For most of the results shown in Sects. 4 and 5, we used PCA and LDA with \({m}^{\mathrm {}}=4\), based on the elbow rule (visual inspection of eigenvalues) derived from a standard implementation of PCA and LDA. However, as we will then show in Sect. 5.4, a careful choice of \({m}^{\mathrm {}}\) is the key to good results.

2.3 Standard Method

Using the definitions from the previous sections, we can define the following standard method for implementing template attacks.

Method 1

(Standard)

  1. 1.

    Obtain the \(n_{\mathrm {p}}\) leakage traces in \(\mathbf {X}_{k}\) from the profiling device, for each \(k\).

  2. 2.

    Compute the template parameters \((\bar{\mathbf {x}}_{k}\),\(\mathbf {S}_{\mathrm {pooled}})\) using (1) and (3).

  3. 3.

    Obtain the leakage traces \(\mathbf {X}_{{k}{\star }}\) from the attacked device.

  4. 4.

    Compute the guessing entropy as described in Sect. 2.1.

3 Evaluation Setup

For our experimental research we produced four custom PCBs (named Alpha, Beta, Gamma and Delta) for the unprotected 8-bit Atmel XMEGA 256 A3U microcontroller. The current consumption across all CPU ground pins is measured through a single 10-ohm resistor. We powered the devices from a battery via a 3.3 V linear regulator and supplied a 1 MHz sine wave clock signal. We used a Tektronix TDS 7054 8-bit oscilloscope with P6243 active probe, at 250 MS/s, with 500 MHz bandwidth in SAMPLE mode. Devices Alpha and Beta used a CPU with week batch ID 1145, while Gamma and Delta had 1230.

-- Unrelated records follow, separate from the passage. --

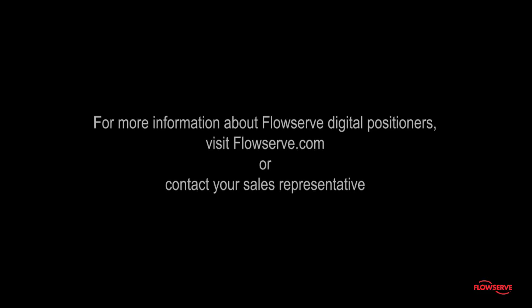For more information about FlowServe Digital Positioners, visit FlowServe.com or contact your sales representative.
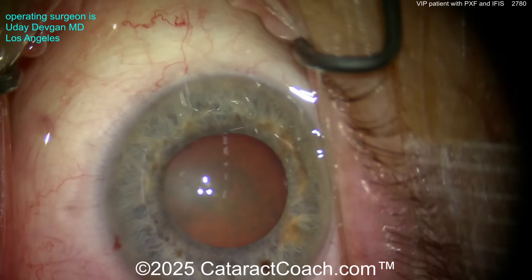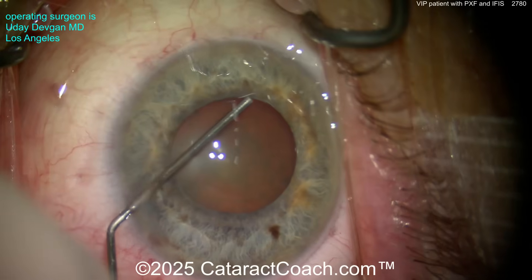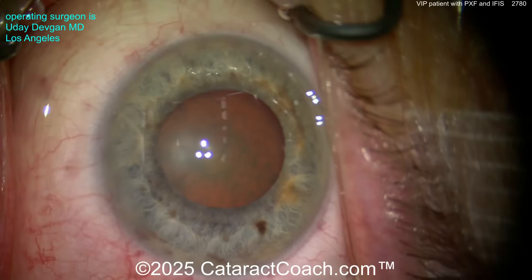Starting off, this is the maximum pharmacologic dilation — that's it. 10% phenylephrine applied many times, and that's all I got. Here I'm putting in some anesthetic inside the eye: phenylephrine as well as preservative-free lidocaine intracamerally, and that helps give me a little more dilation.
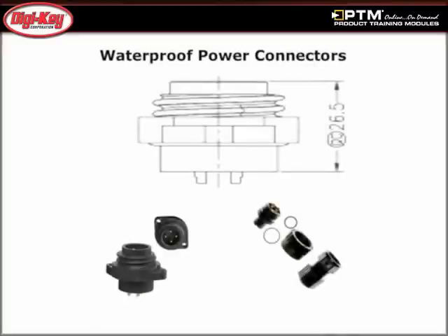Learn about the characteristics of Osman circular connectors, which are available in 3, 4, and 5 pin counts, along with power connectors which are available in 4 and 7 pin counts.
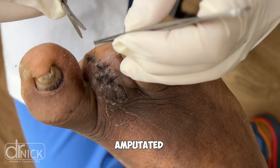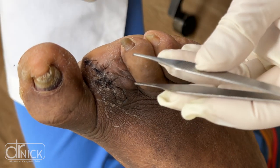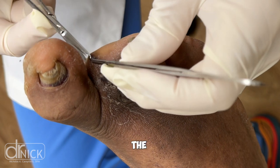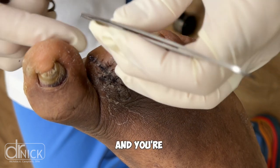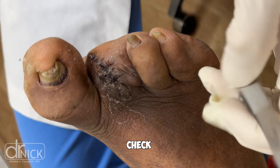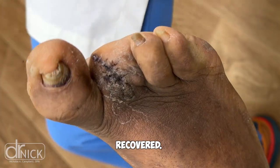Within a week of having the toe amputated, the patient's blood sugars went back to normal. We're looking at a period now that's about 14 days after the surgery. We remove the stitches, and you're going to be able to see here after these stitches came out — we double check our incision, everything is healed, and the patient is going to go back into a shoe and they're recovered.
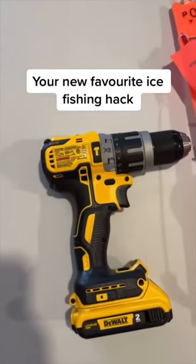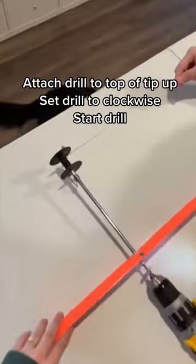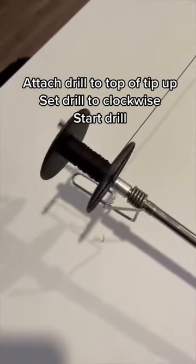This is the easiest way to spool a tip-up. If you're still spooling by hand, go grab a drill or your dad's. I like to use 50 pound braided tip-up line. Attach your drill to the top of the tip-up and set the drill to counterclockwise.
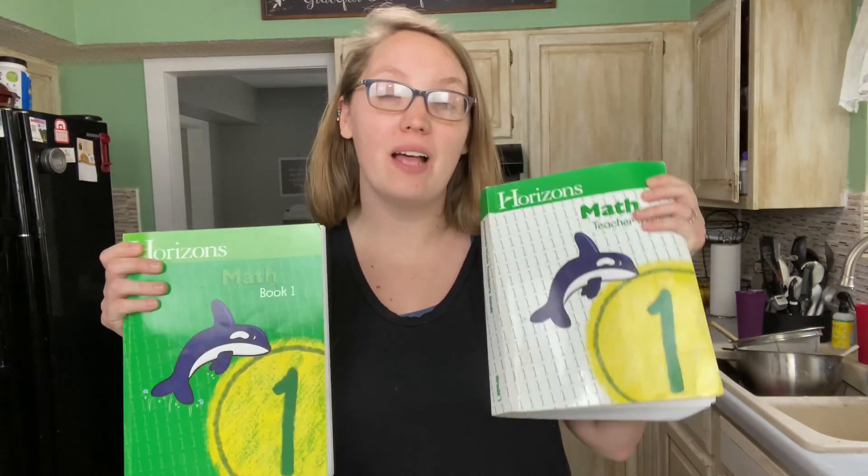Hey guys, it's Katie here and welcome back to Life in the Mundane. Today we are going to be taking a look at Horizon's curriculum level one. I'm going to be sharing with you how this curriculum works, showing you a quick peek into what it covers for level one, and explain why we decided to choose it for our child this next year. So let's get started.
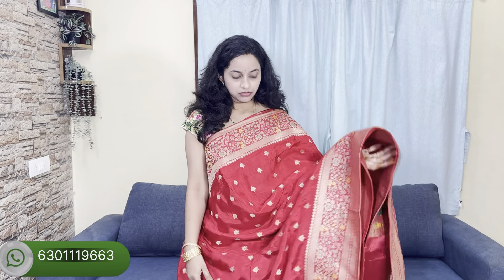It's a green color weaving. It's a plain blouse with the border. It's a brown blouse. It's a plain blouse.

For the analysis presented in this paper we run five acquisition campaigns: one for each of the devices, which we call Alpha, Beta, Gamma and Delta (i.e. the same name as the device), and another one at a later time for Beta, which we call Beta Bis. For all the acquisition campaigns we used the settings described above. Then, for each campaign and each candidate value \(k\in \{0,\ldots ,255\}\) we recorded \(3072\) traces \({\mathbf {x}}^{\text {r}}_{{k}{i}}\) (i.e., \(786\,432\) traces per acquisition campaign), which we randomly divided into a training set (for the profiling phase) and an evaluation set (for the attack phase). Each acquisition campaign took about 2 h. We note a very important detail for our experiments: instead of acquiring all the traces per \(k\) sequentially (i.e. first the \(3072\) traces for \(k=0\), then \(3072\) traces for \(k=1\), and so on), we used random permutations of all the \(256\) values \(k\) and acquired \(256\) traces at a time (corresponding to a random permutation of all the \(256\) values \(k\)), for a total of \(3072\) iterations. This method distributes equally any external noise (e.g. due to temperature variation) across the traces of all the values \(k\). As a result, the covariances \(\mathbf {S}_{k}\) will be similar and the mean vectors \(\bar{\mathbf {x}}_{k}\) will be affected in the same manner so they will not be dependent on factors such as low-frequency temperature variation.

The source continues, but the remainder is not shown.